There is one caveat with the above method. A key effect to take into consideration is the way the dollar-neutral strategy is carried: instead of long/short the stocks, it trades each target stock against an index (potentially to lower cost). Therefore, everything else being equal, if a stocks cohort does not have most of its members behaving like the index, such a method will not lead to great results. Indeed, here are examples of a “good” cohort and a “bad” cohort.

Good Cohort

Fig 8. Example of a “good” cohort: SPY behaves similarly to the cohort’s constituents.

Bad Cohort

Fig 9. Example of a “bad” cohort: SPY behaves very differently to the cohort’s constituents.

Vine Copula Equity Curve

Fig 10. Equity curve with the implemented strategy. Cohort 1 in this example is the only “bad” cohort out of 4 cohorts in total.

This can happen because when selecting stocks we did not compare them with SPY. One possible way to address this is to add an extra filter simply by applying Kendall’s \tau between SPY and every stock in every cohort and get rid of the cohorts with low total scores. Of course, there are other ways to be explored.

In the end, vine copula provides a very flexible approach in modeling multi-variate dependencies. It translates the original prices series to time series that reflects relative mispricing. The C-vine structure specifically highlights a dominant component at every level of the tree, ideal for the “1-vs-the rest” trading strategy for capturing statistical arbitrage among multiple stocks, which non-quant strategies often omit or are still primitive. Moreover, it can be (and should be) coupled with other methods that handle time series.

As promising as it looks, just like any other methods it inevitably bears some drawbacks:

  1. High start-up cost: to understand this method, the user needs to understand copula modeling from scratch, and also how to interpret vine copula models from end to end.
  2. High computation cost: For a cohort of 4 stocks and 3 years of daily training data + 1 year of test data, it takes about 30 seconds to fit and generate positions.

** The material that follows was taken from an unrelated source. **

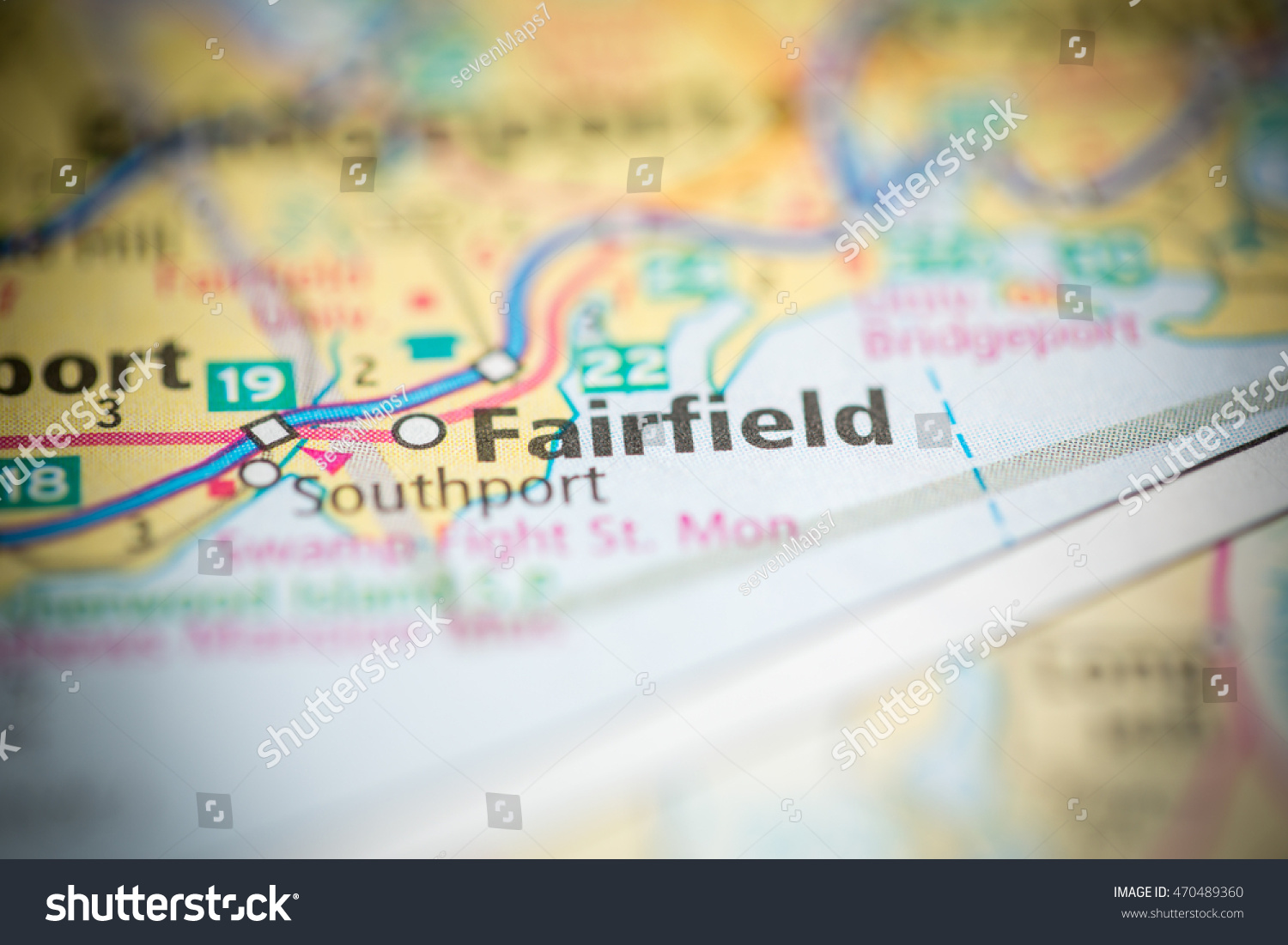 370 Fairfield Map Images Stock Photos Vectors Shutterstock   Stock Photo Fairfield Connecticut Usa 470489360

This can hardly be optimized further since the fitting algorithm is already written in an optimized library with a compiled language, and the computation time should scale up in O(N!) where N is the number of stocks in each cohort. This is just for fitting and generating positions without factoring into the time for stock selection.

In the end, we hope that we have in this series sufficiently demystified the copula concept and its applications in trading. It is still a dynamic field with lots of research potential, and we are witnessing new methods are actively being developed.